04_18 The Act on transparency in public life – what does it mean for entrepreneurs?

Draft Act

The Act on transparency in public life has not entered into force yet, but it has raised much controversy in a short period of time. This is due, among many other things, to the fact that it imposes important duties not only on companies but also on their managers. What can management board members expect and what should they prepare for?

Private or public business?

The vast majority of obligations under the Act apply to public sector entities and the so-called obligated companies, i.e. those in which the State Treasury or a local self-government unit holds at least 20% of the share capital or in which it holds the same rights as the dominant entrepreneur. However, some of the obligations will apply to wholly private companies that have nothing to do with the public sector.

Anti-corruption procedures

The primary duty to be imposed also on private entities is to take actions aimed at counteracting corrupt practices.

According to the assumptions of the Act, all medium-sized and large entrepreneurs in the private and public sector, regardless of the industry, will be required to implement and apply internal anti-corruption procedures. These solutions are intended to prevent persons acting on behalf of or for entrepreneurs from committing corruption offences.

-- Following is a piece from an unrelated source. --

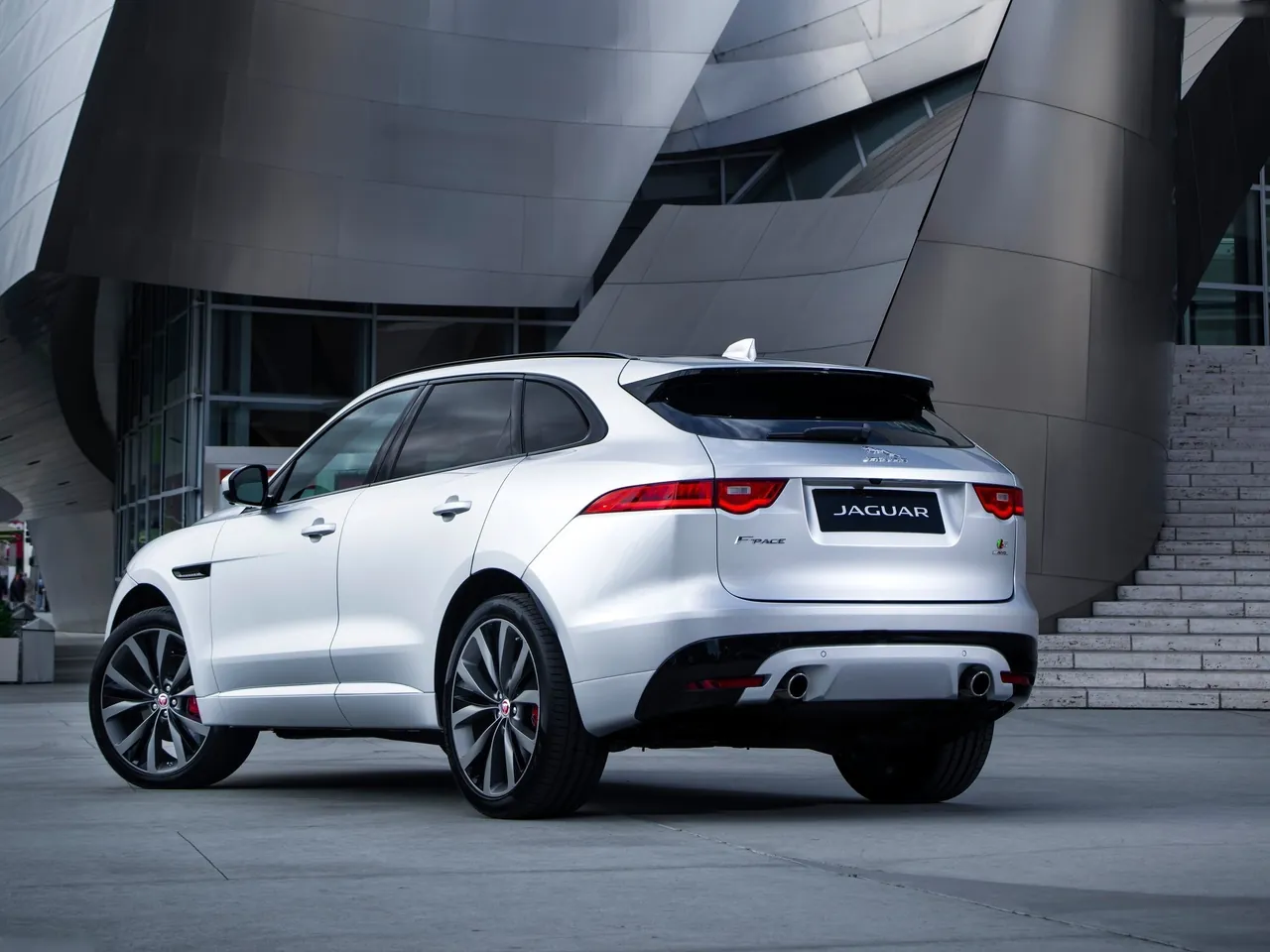 Jaguar F-Pace S (2017) – zadní tříčtvrteční pohled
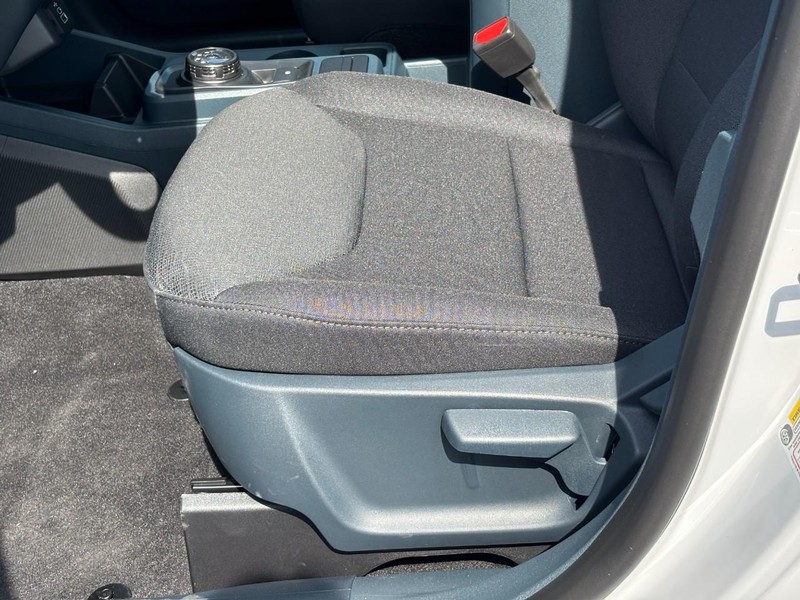 Ford Maverick Vehicle Full-screen Gallery Image 17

Those include mainly bribery, paid recommendation, managerial bribery or money laundering.

To facilitate the fulfilment of the new obligation, the Act specifies examples of measures that can be applied by entrepreneurs:

  • Informing employees about criminal liability for corruption offences,
  • Preparation and introduction of an anti-corruption code in the company,
  • Introduction of the principles of receiving gifts and other benefits by employees,
  • Introduction of the methods to inform the employer about corruption proposals and to report irregularities.

High fines of up to PLN 10,000,000 will be imposed on companies should they fail to implement or apply anti-corruption procedures. The same fine will be imposed on an entrepreneur who feigns the introduction of anti-corruption solutions in the company or when the solutions are ineffective. An additional condition for imposing such a penalty will be to bring a corruption charge against a person acting on behalf of or for the entrepreneur (regardless of whether the allegation turns out to be well-grounded).

However, this is not all. Along with the imposition of a fine on the entrepreneur, a five-year ban on applying for a public contract may be imposed. For many companies, this ban may be much more severe than a financial sanction.

It will be crucial for management board members that the liability of the company for violation of the Act may potentially trigger their personal financial liability in relation to the company. Such a situation may take place if the company suffers damage as a result of a breach of obligations related to the proper implementation of anti-corruption procedures.

 

Register of civil law contracts

Obligated companies (i.e. those in which the State Treasury or a local self-government unit holds at least 20% of the share capital or in which it holds the same rights as the dominant entrepreneur) will have to keep a register of civil law contracts with a value of at least PLN 2,000. Such a low maximum limit means that the vast majority of contracts will have to be entered into the registers.

Violation of the obligation to keep the register may result in criminal liability for persons responsible for this area at the company – usually the company’s management board. Failure to keep or update the register or providing false information in the register is to be subject to penalty of imprisonment of up to three years.

 

Declarations of financial status

The Act considerably extends the group of persons obliged to submit declarations of financial status. These statements are to be submitted by managers who have not been covered by this obligation so far, i.e. members of the management boards of obligated companies. However, these declarations will be confidential. Managers will face a penalty of imprisonment of up to 5 years for violation of the time limit for submitting a declaration or for providing false information or concealing some information in it.  

 Impact of the Act on company operations The draft Act on transparency in public life will have a significant impact on the internal operations of companies, both in the public and private sector. The new obligations of management board members are supposed to improve the transparency of company operations and eliminate (or at least limit) corrupt practices. The changes are consistent with the current regulatory trend being justified by improved transparency and guarantees offair playin business. 

It is worth noting that parallelly to the Act on transparency in public life, work is underway to amend the Act on liability of collective entities for criminal offences. The new solutions are intended to impose stricter liability on companies and improve the conduct of criminal proceedings against them.

The collective regulation of duties related to the development and application of anti-corruption mechanisms is a novelty in our legal system. However, similar regulation has been functioning since 1977 in the USA (Foreign Corrupt Practices Act), and other regulations are constantly introduced in European countries – including the UK Bribery Act of 2010 in the United Kingdom, the anti-corruption Act of 2012 in Italy, Gesetz zur Bekämpfung der Korruption of 2015 in Germany or the anti-corruption Act Sapin II of 2016 in France.

When will it enter into force?

Initially, the Act was to enter into force in 2017. In view of numerous comments on the draft, this date has already been postponed twice.  Supposedly, the Act will come into force within the next few months at the latest.